STORED DATA

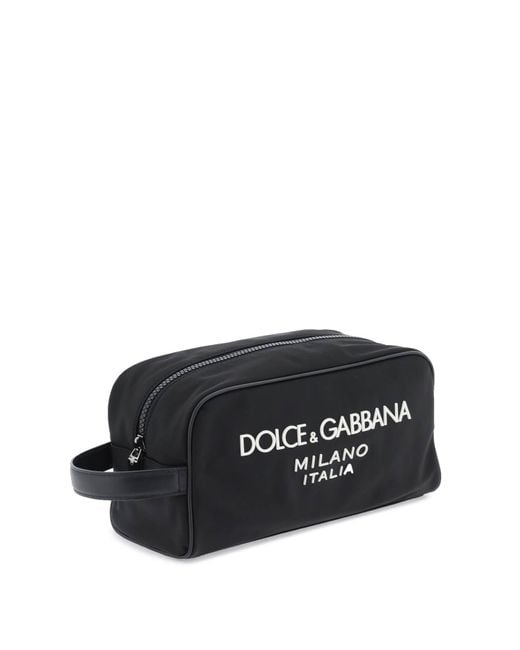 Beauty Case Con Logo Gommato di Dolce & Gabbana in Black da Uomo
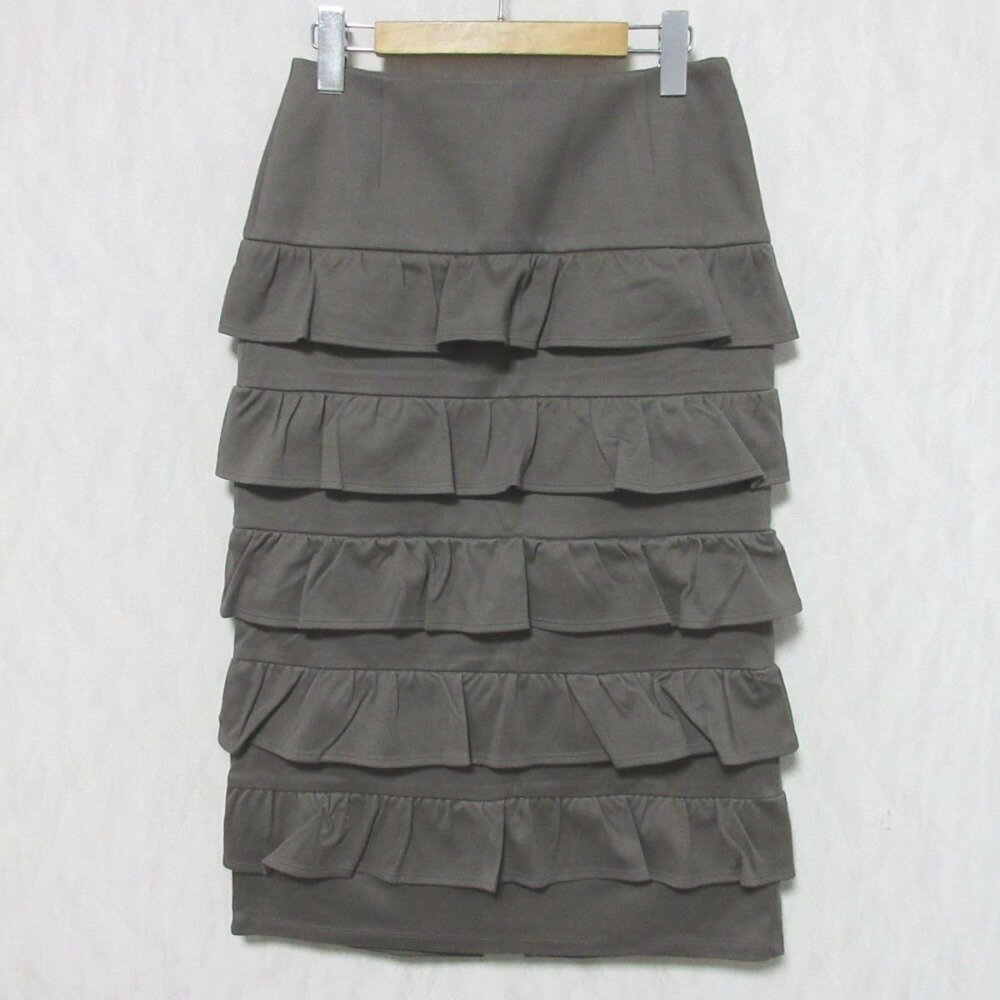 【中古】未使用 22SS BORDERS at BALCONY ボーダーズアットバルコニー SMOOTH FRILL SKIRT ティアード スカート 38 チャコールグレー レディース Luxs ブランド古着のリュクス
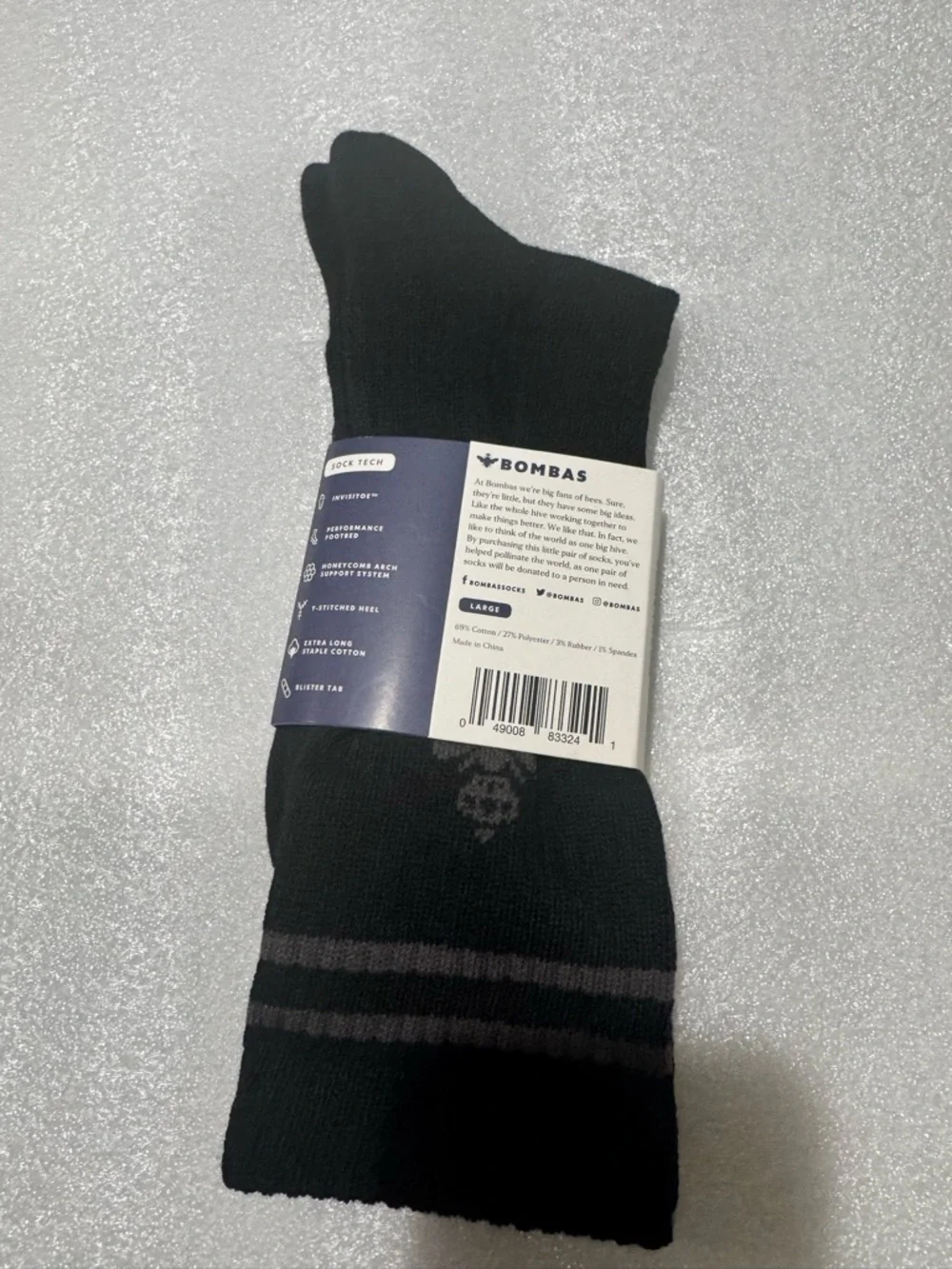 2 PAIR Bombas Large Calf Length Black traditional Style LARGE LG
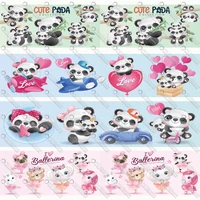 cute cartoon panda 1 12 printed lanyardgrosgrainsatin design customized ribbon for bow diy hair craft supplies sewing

* * *

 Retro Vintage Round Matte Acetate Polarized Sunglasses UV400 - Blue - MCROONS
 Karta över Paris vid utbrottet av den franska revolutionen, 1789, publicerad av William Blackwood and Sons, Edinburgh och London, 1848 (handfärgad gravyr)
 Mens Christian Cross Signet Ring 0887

==

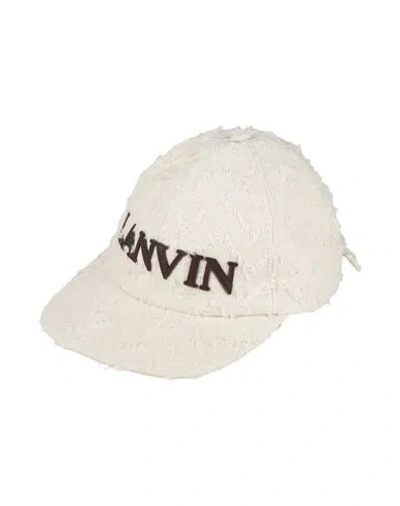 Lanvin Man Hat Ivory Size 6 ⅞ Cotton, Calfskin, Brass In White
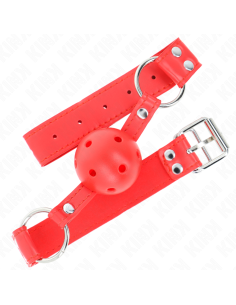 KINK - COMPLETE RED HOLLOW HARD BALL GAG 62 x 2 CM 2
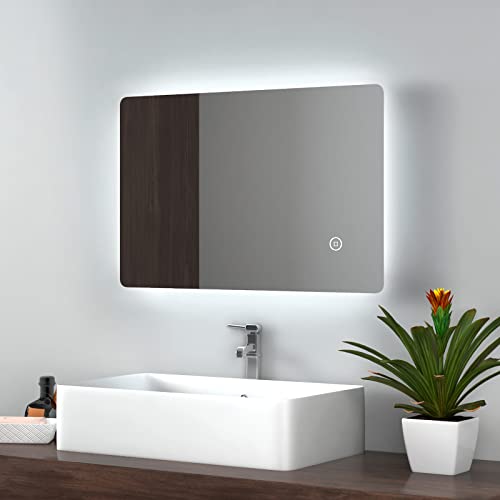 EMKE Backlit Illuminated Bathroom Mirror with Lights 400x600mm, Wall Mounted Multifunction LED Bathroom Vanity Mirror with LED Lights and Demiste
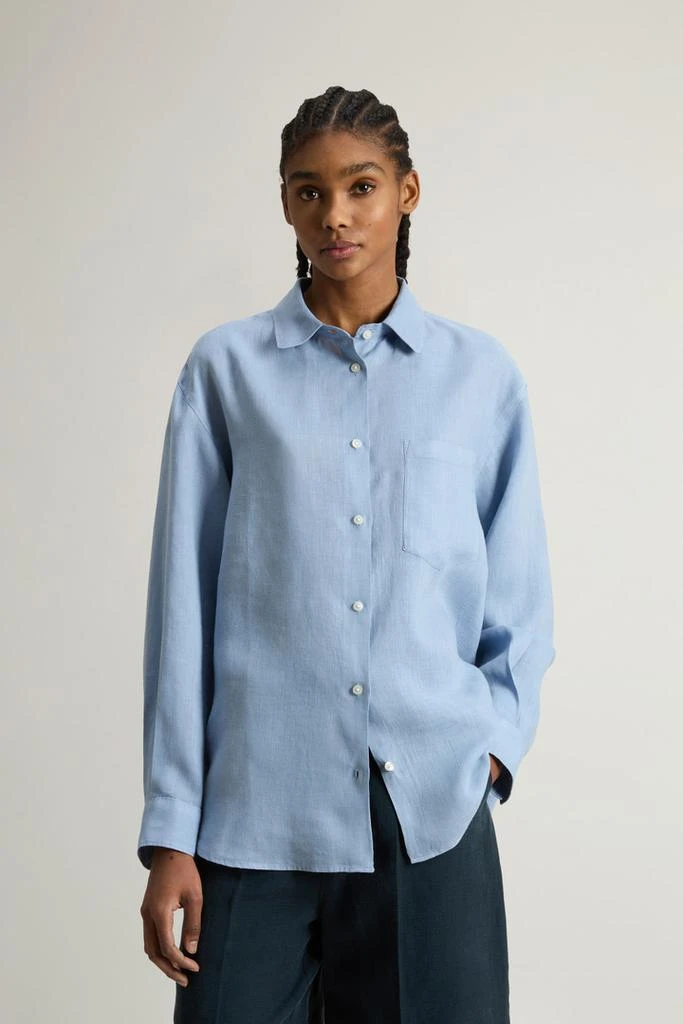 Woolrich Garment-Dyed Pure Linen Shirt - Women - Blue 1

PROBLEM REQUIREMENTS
Reproduce the lines above beginning at the line that contains "レディース Luxs ブランド古着のリュクス" and ending at the line that contains "cute cartoon panda". No pictures.

RESPONSE TO THIS TASK
 【中古】未使用 22SS BORDERS at BALCONY ボーダーズアットバルコニー SMOOTH FRILL SKIRT ティアード スカート 38 チャコールグレー レディース Luxs ブランド古着のリュクス
 2 PAIR Bombas Large Calf Length Black traditional Style LARGE LG
 cute cartoon panda 1 12 printed lanyardgrosgrainsatin design customized ribbon for bow diy hair craft supplies sewing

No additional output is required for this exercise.